Field Type Description
speaker_map object speaker_label → {matched_id, matched_name, similarity, embedding_key} mapping; reflects the diarization model's voiceprint match result and does not change when segments are manually corrected
unique_speakers array[string] Deduplicated list of speaker names, recalculated from the persisted segments[].speaker_name values to reflect the latest manual corrections
artifacts object Optional artifact manifest for stable / optional / experimental artifacts; clients must tolerate it being absent

GET /api/export/{tr_id}

Query format=srt | txt | json. Returns the file as a download.

Voiceprint library

GET    /api/voiceprints
POST   /api/voiceprints/enroll
PUT    /api/voiceprints/{speaker_id}/name
DELETE /api/voiceprints/{speaker_id}

GET /api/voiceprints

[
  { "id": "spk_example_id", "name": "Alice",
    "sample_count": 3,
    "created_at": "2026-04-18T08:06:41.951819",
    "updated_at": "2026-04-18T09:17:02.113207" }
]

POST /api/voiceprints/enroll

Note (enroll idempotency): add_speaker now deduplicates by name — re-enrolling a speaker with the same name merges the new embedding into the existing record rather than creating a duplicate.
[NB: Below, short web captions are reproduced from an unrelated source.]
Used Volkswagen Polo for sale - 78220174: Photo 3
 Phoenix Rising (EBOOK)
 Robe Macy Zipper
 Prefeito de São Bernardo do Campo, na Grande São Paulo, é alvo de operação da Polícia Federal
Pass speaker_id only when you intend to update that exact existing voiceprint. If the supplied speaker_id is well-formed but not found, the endpoint does not 404; it falls back to the create/name-dedup path.

Form fields:

Field Required Description
tr_id Transcription id, matches result.id
speaker_label Must be the raw SPEAKER_XX label, not the display name
speaker_name Display name, e.g. "Alice"
speaker_id Explicit update target. If this id exists, the endpoint updates that voiceprint and returns action: "updated". If omitted, or if the id is well-formed but not found, the endpoint takes the create path, which may still merge into an existing same-name record via add_speaker() dedup. Format must match ^spk_[A-Za-z0-9_-]{1,64}$ (e.g. spk_example_id); returns 422 if invalid.

Response:

{ "action": "created | updated", "speaker_id": "spk_..." }

Example:

curl -X POST http://localhost:8780/api/voiceprints/enroll \
     -H "Authorization: Bearer $API_KEY" \
     -F "tr_id=tr_example_id" \
     -F "speaker_label=SPEAKER_00" \
     -F "speaker_name=Alice"

POST /api/voiceprints/rebuild-cohort

Rebuilds the AS-norm impostor cohort matrix from all existing transcriptions. Manual rebuilds are still supported, but 0.7.1 also has automatic cohort loading and refresh.

Response:

{ "cohort_size": 313, "skipped": 2, "saved_to": "/data/transcriptions/asnorm_cohort.npy" }

skipped — number of transcriptions whose embedding files could not be loaded (corrupt or missing .npy).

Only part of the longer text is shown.